Kepulauan Aru, SNN.com - Badan Pemeriksa Keuangan Republik Indonesia (BPK RI) menemukan kelebihan pembayaran uang muka dari Pemerintah Daerah Kabupaten Kepulauan Aru, Provinsi Maluku kepada kontraktor pelaksana 7 proyek fisik Tahun Anggaran 2018.
Nilainya 3.061.112.500 *(Tiga Milyar Enam Puluh Satu Juta, Seratus Dua Belas Ribu, Lima Ratus Rupiah)*
Ketujuh proyek fisik bermasalah yang uang mukanya bermasalah dan mesti dikembalikan oleh pihak ke tiga dalam hal ini kontraktor pelaksana kepada Negara melalui Pemkab Aru masing - masing, Pekerjaan pemeliharaan berkala jalan tersebar dalam kota Dobo, Pekerjaan pembangunan Puskesmas Jambu Air, Pekerjaan peningkatan struktur dan kapasitas jalan Depnaker-Durjela, Pembangunan tambatan Perahu Dusun Sabersijo, pembangunan Drainase kawasan Kampung Trangan, Pembangunan Jembatan penghubung Sipur Pantai Kompleks Marlasi, dan Pembangunan Jembatan penghubung Fanan Jaya.
Ironisnya, kendati Pemkab Aru telah berulang kali memperingati pihak ketiga yang menangani ketujuh proyek fisik tersebut namun pihak ketiga seakan acuh.
Faktanya hingga saat ini apa yang menjadi temuan BPK RI terhadap kerugian negara yang diakibatkan oleh ulah ketujuh kontraktor pelaksana terhadap tujuh proyek fisik di daerah berjuluk bumi Jar Garia itu belum juga disetor ke negara.
Menanggapinya, Elisa Warkor salah satu kader Partai Hanura angkat bicara. Politisi muda asal Aru tengah ini mendesak Pemkab setempat untuk memproses hukum ketujuh kontraktor yang menangani ketujuh proyek fisik Tahun Anggaran 2018 tersebut.

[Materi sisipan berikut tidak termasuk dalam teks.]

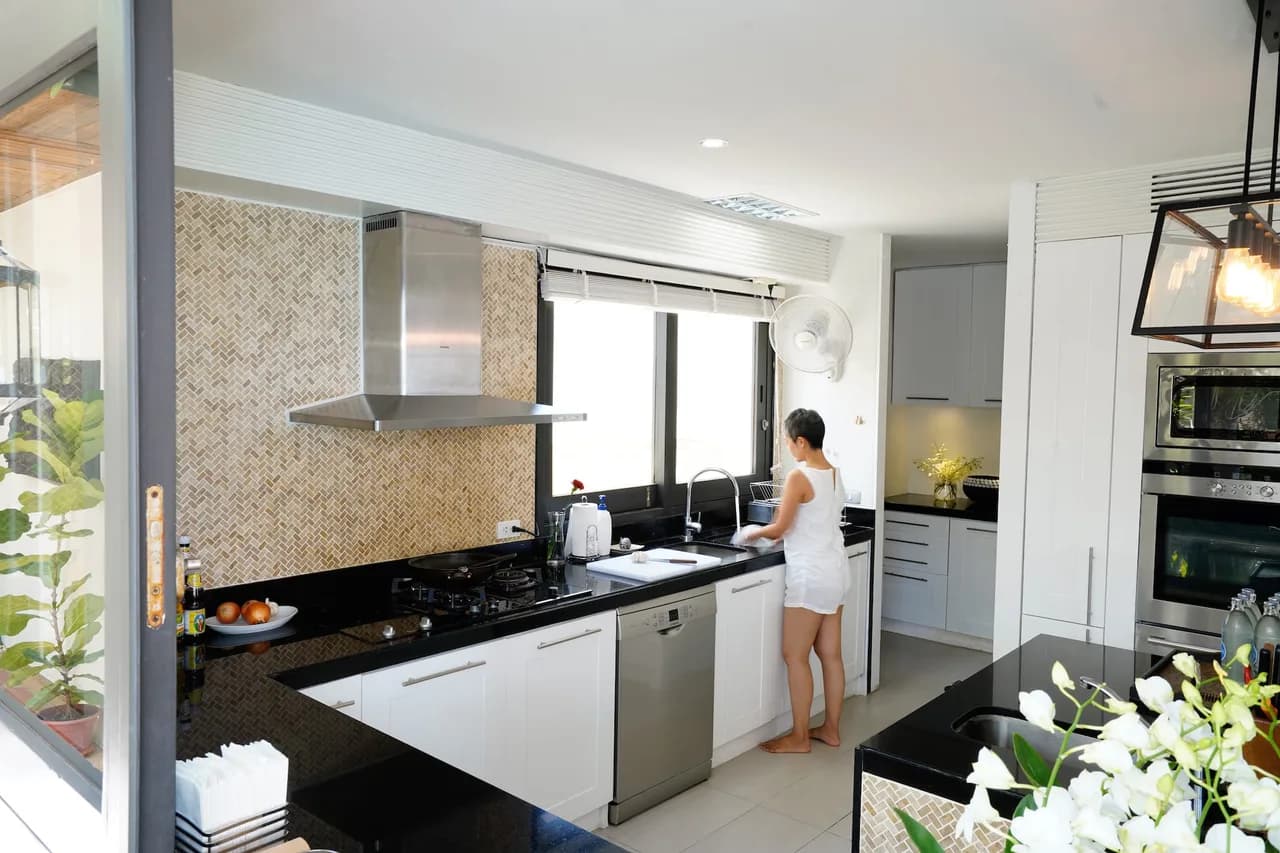 Contemporary Villa On A Pristine Beach Frontage photo 4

"Ya, terkait dengan hubungan kerja sama antara kontraktor, saya mengasumsikan bahwa hubungan kerja sama tersebut terikat dalam suatu perjanjian kerja sama yang mengatur hak dan kewajiban para pihak yang mengikatkan diri. Hal mana diatur dalam Pasal 1338 Kitab Undang–Undang Hukum Perdata (“KUHPer”) yang berbunyi, segala perjanjian yang dibuat secara sah, berlaku sebagai undang-undang bagi mereka yang membuatnya. Jadi kalau sampai saat ini mereka tidak peduli, ya diproses hukum saja," tandasnya, Minggu (18/12/2022).

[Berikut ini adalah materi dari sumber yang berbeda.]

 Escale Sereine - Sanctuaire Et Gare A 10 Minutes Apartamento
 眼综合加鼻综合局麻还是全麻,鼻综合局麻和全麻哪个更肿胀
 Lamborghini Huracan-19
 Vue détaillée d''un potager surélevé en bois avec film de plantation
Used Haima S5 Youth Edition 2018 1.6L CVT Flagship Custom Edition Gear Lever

Lebih lanjut kata dia, dengan telah mengikatkan diri dalam suatu perjanjian, sebagaimana dalam Pasal 1234 KUHPer maka tiap-tiap perikatan adalah untuk memberikan sesuatu, untuk berbuat sesuatu atau untuk tidak berbuat sesuatu.

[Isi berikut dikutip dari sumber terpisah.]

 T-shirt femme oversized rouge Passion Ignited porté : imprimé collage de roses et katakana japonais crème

Berdasarkan hal sebagaimana tersebut di atas, terkait dengan ketidak pedulian ketujuh kontraktor yang menangani tujuh proyek fisik Tahun 2018 di Aru ini adalah suatu keadaan tidak dipenuhinya suatu perikatan (wanprestasi).
"Nah, salah satu cara untuk memberikan efek jerah, Pemkab harus ambil langkah hukum berdasarkan ketentuan Pasal 1243 KUHPer adalah menuntut penggantian biaya, ganti rugi dan bunga karena ketujuh kontraktor nakal ini tidak menaati suatu perikatan perjanjian kerja dengan cara mengajukan gugatan wanprestasi ke Pengadilan Negeri setempat," tandasnya lagi.